It’s safe to say that the COVID-19 pandemic has changed the world. 

With roughly half the world’s population confined in their homes and a looming recession, the likes of which we’ve never seen, this is uncharted territory.

As the world prepares to slowly open up again, many initiatives are being undertaken to help manage the health crisis. 

One of the initiatives that have generated a lot of chatter is the rollout of contact tracing apps or exposure notification apps. The latter expression was concocted by Apple and Google’s marketing teams to make the initiative appear less privacy-invasive.

But what are the privacy concerns with this approach?
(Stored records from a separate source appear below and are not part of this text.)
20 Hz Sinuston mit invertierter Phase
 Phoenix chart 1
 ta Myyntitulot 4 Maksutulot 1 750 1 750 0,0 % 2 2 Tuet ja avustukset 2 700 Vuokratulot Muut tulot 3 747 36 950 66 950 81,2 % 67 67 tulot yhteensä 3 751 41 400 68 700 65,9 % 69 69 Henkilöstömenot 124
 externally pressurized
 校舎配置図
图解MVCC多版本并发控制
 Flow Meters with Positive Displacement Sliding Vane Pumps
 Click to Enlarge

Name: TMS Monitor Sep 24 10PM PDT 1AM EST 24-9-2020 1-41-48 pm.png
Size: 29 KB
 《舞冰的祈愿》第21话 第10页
And, more fundamentally, will this approach be useful? Will it work?

We’ll attempt to answer these questions in this article.

The History

Your news feeds are probably, like mine, flooded with COVID-19 news. So I won’t get into the specifics – which you probably already know. 

We’ve now apparently passed the peak of the first wave of COVID-19 (and hopefully the last, but it’s too early to tell). And governments around the world are preparing their deconfinement strategies.

In the midst of all this, on April 10th, Apple and Google announced a joint initiative to produce a framework, that runs on both  Apple and Android smartphones. 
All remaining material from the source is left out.